#### AIM OF THE TASK:
Retype the entries exactly; omit all pictures.

Records excerpted from a collection:
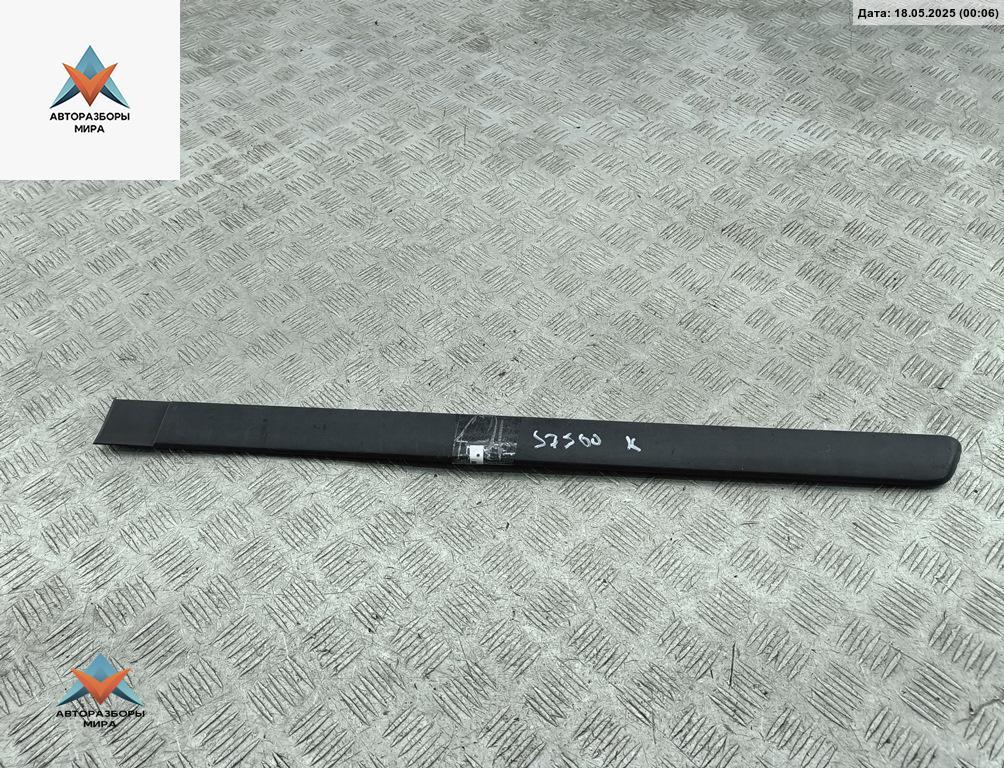 молдинг двери задней левой Opel Astra G 2001, 1.6 л., бензин, МКПП, серый, хетчбэк 5 дв., 90377937 - фото №1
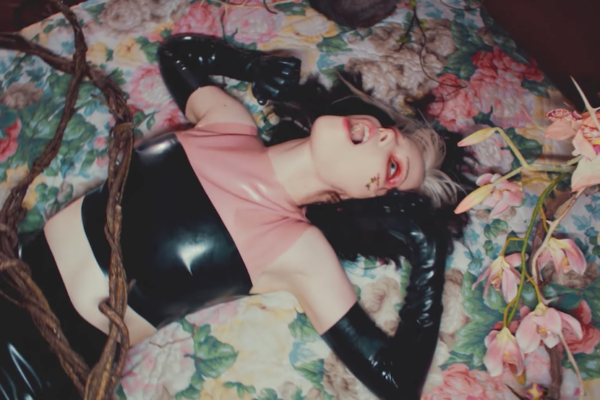Alice Glass - Without Love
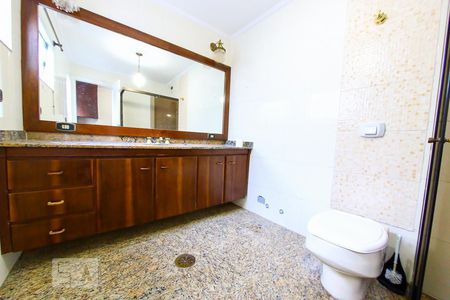 Casa para alugar com 120m², 2 quartos e 2 vagasBanheiro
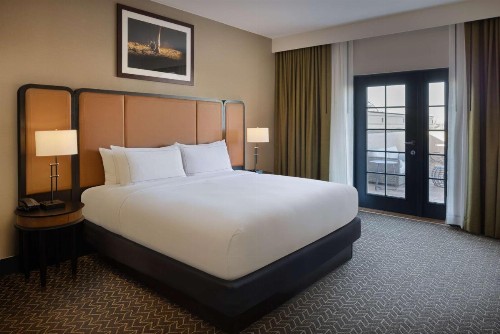 DoubleTree Suites by Hilton Lexington - image 32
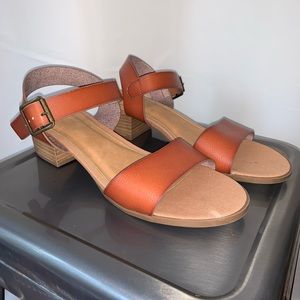 Ankle strap sandal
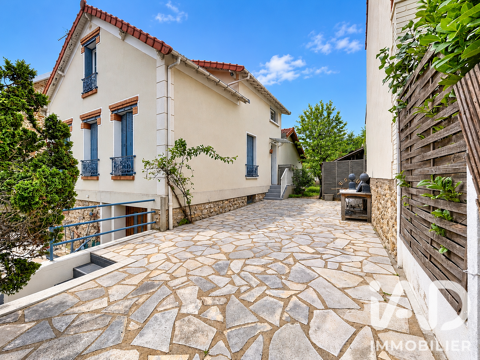   Vente Maison/villa 6 pièces Maison - 6 pièce(s) - 166 m²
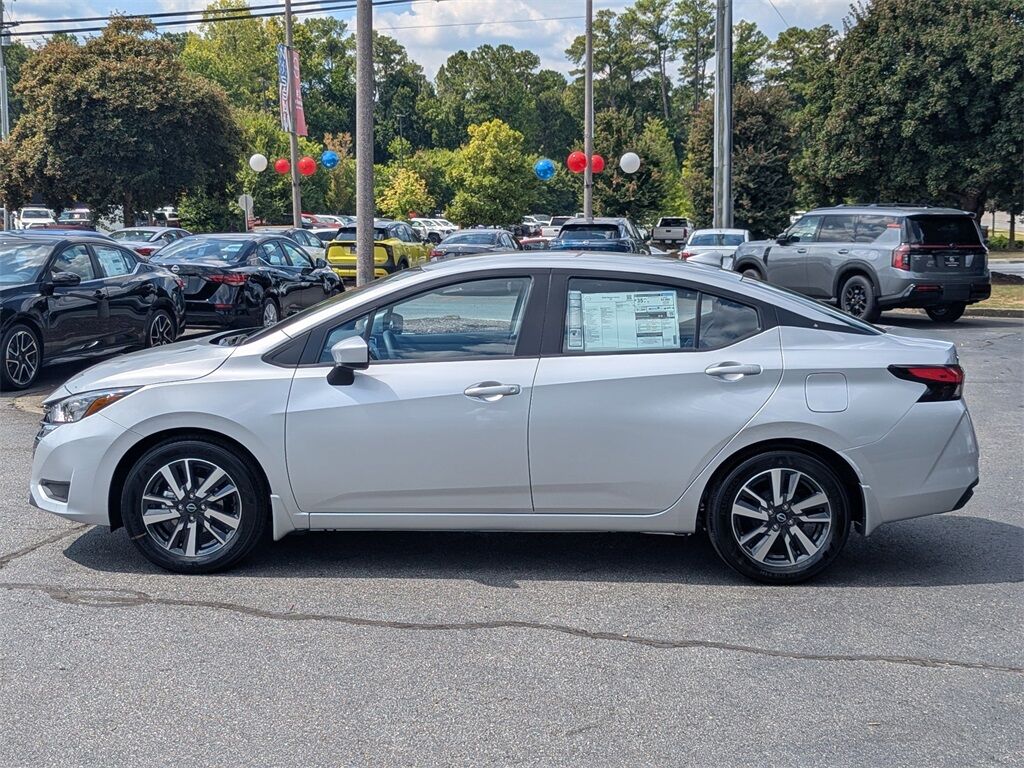 2025 Nissan Versa 1.6 SV photo 4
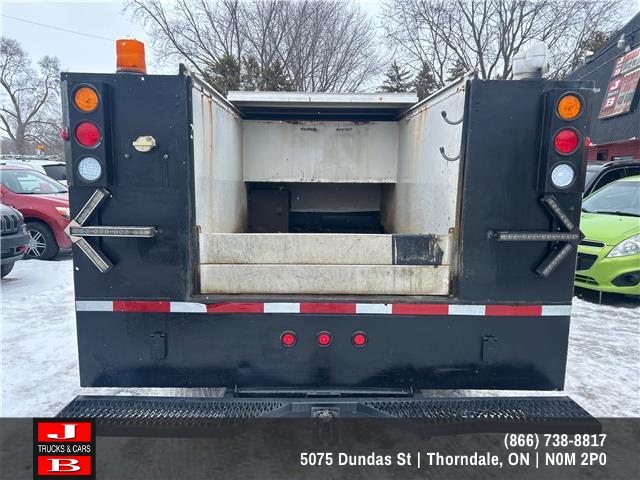 2011 Ford F-350 Chassis XLT (Stk: 9255) in Thordale - Image 5 of 5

#### EXERCISE SOLUTION:
 молдинг двери задней левой Opel Astra G 2001, 1.6 л., бензин, МКПП, серый, хетчбэк 5 дв., 90377937 - фото №1
Alice Glass - Without Love
 Casa para alugar com 120m², 2 quartos e 2 vagasBanheiro
 DoubleTree Suites by Hilton Lexington - image 32
 Ankle strap sandal
   Vente Maison/villa 6 pièces Maison - 6 pièce(s) - 166 m²
 2025 Nissan Versa 1.6 SV photo 4
 2011 Ford F-350 Chassis XLT (Stk: 9255) in Thordale - Image 5 of 5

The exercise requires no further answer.